Nasib Bandung Zoo Masih Menunggu Keputusan Menteri
JAKARTA – Salah satu destinasi wisata keluarga favorit di Kota Kembang, Bandung Zoo, masih tertutup sejak awal Agustus 2025. Padahal, kebun binatang yang sudah berdiri puluhan tahun di kawasan Tamansari itu menjadi daya tarik utama bagi wisatawan yang ingin mengenal satwa sekaligus menikmati udara sejuk khas Bandung. Kini, masa depan tempat wisata edukatif ini bergantung pada keputusan pemerintah pusat.

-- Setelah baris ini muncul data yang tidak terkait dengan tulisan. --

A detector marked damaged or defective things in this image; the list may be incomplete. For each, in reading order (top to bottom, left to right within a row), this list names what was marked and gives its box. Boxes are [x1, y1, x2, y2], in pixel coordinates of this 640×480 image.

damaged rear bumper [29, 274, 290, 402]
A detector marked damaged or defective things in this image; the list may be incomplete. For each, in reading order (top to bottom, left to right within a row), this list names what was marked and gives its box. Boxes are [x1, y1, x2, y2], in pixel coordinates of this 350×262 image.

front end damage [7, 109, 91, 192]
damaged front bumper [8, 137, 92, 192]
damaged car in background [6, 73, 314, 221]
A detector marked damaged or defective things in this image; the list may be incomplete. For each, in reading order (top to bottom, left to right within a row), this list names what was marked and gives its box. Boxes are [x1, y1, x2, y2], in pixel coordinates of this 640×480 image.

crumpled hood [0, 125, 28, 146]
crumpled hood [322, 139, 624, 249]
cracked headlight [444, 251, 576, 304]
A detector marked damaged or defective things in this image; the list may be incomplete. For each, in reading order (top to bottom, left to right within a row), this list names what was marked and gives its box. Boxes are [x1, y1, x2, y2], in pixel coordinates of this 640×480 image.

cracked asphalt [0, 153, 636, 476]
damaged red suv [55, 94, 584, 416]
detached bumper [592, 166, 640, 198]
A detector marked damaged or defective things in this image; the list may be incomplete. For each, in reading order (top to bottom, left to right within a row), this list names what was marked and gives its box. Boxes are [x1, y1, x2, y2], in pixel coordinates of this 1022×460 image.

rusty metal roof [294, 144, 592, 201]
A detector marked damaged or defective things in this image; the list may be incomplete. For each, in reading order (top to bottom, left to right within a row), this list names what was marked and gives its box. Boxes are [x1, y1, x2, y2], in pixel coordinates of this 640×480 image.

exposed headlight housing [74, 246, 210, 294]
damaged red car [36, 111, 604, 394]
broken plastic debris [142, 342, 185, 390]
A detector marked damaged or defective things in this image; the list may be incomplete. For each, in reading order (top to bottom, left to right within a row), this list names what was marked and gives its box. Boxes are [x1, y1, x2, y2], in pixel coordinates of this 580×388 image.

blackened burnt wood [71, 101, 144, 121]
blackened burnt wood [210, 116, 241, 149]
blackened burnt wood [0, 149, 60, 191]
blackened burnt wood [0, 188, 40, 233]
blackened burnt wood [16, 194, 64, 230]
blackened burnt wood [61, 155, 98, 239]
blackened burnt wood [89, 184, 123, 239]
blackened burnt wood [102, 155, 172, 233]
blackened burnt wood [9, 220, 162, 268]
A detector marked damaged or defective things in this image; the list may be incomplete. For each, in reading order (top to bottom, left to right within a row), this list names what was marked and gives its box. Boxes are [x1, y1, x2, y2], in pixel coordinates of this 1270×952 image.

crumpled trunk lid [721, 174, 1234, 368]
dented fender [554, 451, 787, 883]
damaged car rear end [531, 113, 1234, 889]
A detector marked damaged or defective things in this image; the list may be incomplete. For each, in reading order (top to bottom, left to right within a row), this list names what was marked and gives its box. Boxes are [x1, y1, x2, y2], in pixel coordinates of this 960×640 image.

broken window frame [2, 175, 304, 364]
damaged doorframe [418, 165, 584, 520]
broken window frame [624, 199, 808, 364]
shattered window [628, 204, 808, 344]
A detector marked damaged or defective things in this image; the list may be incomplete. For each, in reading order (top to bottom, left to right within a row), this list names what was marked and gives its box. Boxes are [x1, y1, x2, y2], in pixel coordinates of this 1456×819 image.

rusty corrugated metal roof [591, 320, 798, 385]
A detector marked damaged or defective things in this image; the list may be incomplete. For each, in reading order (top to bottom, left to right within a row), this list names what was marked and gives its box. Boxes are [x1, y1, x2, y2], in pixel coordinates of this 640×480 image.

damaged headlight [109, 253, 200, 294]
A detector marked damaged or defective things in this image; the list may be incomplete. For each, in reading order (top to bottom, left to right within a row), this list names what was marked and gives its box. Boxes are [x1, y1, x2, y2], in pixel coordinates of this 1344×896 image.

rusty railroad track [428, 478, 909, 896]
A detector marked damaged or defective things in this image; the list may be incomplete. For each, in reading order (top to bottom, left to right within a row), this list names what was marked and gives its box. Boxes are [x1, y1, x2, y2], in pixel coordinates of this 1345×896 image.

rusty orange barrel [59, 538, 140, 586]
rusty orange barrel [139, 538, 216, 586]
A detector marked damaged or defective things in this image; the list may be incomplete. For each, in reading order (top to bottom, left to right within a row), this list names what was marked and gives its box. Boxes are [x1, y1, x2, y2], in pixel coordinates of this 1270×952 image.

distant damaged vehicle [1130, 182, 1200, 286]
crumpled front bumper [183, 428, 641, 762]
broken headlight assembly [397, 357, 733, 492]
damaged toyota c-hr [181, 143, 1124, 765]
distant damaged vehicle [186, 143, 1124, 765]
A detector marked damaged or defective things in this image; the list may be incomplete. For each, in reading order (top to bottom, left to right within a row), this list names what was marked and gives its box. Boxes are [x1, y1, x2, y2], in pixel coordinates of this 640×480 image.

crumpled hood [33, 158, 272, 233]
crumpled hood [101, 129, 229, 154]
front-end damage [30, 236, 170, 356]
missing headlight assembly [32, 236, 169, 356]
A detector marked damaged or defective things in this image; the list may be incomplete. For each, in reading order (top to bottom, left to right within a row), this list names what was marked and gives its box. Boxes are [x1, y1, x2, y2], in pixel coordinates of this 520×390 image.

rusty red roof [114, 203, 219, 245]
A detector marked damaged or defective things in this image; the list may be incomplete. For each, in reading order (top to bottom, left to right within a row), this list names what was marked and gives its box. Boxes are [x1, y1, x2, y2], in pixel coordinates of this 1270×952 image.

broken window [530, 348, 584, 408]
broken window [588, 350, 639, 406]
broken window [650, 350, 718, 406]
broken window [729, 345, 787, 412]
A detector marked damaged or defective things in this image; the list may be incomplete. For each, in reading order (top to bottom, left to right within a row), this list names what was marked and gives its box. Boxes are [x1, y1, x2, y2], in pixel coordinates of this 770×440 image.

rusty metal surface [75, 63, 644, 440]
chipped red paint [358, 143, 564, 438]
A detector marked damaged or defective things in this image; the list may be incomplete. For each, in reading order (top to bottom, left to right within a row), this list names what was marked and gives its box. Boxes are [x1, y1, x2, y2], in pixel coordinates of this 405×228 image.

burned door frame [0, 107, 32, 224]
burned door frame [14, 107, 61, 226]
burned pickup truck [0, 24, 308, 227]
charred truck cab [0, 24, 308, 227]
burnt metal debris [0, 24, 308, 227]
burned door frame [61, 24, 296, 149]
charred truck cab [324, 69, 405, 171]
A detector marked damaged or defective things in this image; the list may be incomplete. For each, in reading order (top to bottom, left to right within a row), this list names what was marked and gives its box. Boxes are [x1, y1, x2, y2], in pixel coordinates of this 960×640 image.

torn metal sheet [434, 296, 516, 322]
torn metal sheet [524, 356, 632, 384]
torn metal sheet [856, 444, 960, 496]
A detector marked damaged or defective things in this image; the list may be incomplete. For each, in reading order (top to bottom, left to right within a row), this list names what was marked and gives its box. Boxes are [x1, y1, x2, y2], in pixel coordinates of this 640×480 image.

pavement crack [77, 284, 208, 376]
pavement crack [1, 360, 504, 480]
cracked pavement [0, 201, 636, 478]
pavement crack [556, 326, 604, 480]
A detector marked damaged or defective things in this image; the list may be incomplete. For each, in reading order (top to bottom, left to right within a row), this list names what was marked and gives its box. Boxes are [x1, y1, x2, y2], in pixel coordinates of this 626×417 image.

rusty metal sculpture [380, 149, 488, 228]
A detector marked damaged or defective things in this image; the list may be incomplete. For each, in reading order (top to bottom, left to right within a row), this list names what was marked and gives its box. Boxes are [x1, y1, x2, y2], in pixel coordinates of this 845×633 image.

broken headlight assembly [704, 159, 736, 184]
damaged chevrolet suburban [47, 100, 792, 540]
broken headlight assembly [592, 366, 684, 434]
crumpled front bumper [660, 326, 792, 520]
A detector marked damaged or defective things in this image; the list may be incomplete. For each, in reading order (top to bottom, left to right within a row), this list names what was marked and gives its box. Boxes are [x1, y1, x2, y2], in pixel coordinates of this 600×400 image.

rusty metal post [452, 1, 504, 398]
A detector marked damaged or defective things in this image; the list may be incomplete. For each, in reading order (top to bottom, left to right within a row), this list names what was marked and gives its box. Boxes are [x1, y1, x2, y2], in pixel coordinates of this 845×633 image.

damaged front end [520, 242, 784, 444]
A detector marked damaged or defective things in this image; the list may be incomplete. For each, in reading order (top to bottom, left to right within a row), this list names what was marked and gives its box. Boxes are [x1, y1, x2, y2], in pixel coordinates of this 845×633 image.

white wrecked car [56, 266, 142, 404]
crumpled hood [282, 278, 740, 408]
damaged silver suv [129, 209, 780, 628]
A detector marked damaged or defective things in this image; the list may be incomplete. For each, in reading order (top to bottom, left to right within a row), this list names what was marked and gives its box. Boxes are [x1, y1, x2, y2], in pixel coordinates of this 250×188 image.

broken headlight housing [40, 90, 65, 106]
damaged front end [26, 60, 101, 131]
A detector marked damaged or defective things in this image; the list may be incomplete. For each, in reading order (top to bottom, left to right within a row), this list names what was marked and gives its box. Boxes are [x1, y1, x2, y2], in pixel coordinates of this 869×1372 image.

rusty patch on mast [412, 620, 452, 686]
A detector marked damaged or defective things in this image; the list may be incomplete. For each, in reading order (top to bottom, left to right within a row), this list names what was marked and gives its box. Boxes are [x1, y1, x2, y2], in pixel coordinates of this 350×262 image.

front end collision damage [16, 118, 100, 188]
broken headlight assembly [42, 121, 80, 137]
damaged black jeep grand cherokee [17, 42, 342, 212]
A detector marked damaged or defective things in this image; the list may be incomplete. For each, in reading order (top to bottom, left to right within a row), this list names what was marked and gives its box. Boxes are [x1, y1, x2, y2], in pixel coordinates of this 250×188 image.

Wali Kota Bandung Muhammad Farhan menyebut, pihaknya masih menunggu kepastian dari Menteri Kehutanan Raja Juli Antoni mengenai status operasional Bandung Zoo.
“Masih menunggu keputusan Pak Menteri, saling menunggu,” kata Farhan di Bandung, seperti dikutip ANTARA.
Farhan menjelaskan, Pemerintah Kota Bandung tetap membuka ruang dialog dengan Yayasan Margasatwa Tamansari (YMT), pengelola lama kebun binatang tersebut. Upaya mediasi akan difokuskan pada pembahasan pengelolaan, termasuk pemeliharaan satwa agar tetap terjamin selama masa penutupan.
Ia menegaskan, kewenangan akhir terkait izin dan status Bandung Zoo sepenuhnya berada di tangan Kementerian Kehutanan.
"Tergantung Pak Menteri, karena izin konservasi 100 persen ada di Kementerian Kehutanan dan diberikan kepada pihak yang mampu,” ujar Farhan.
Sementara itu, Ketua Yayasan Margasatwa Tamansari, John Sumampauw, menegaskan pihaknya siap melanjutkan pengelolaan Bandung Zoo secara profesional bila kembali dipercaya pemerintah.
"Kami berupaya menjalankan operasional Bandung Zoo dengan transparan dan sesuai koridor hukum, dengan tujuan memaksimalkan fungsi kebun binatang sebagai ruang edukasi, konservasi, dan rekreasi yang dapat dibanggakan masyarakat,” kata John.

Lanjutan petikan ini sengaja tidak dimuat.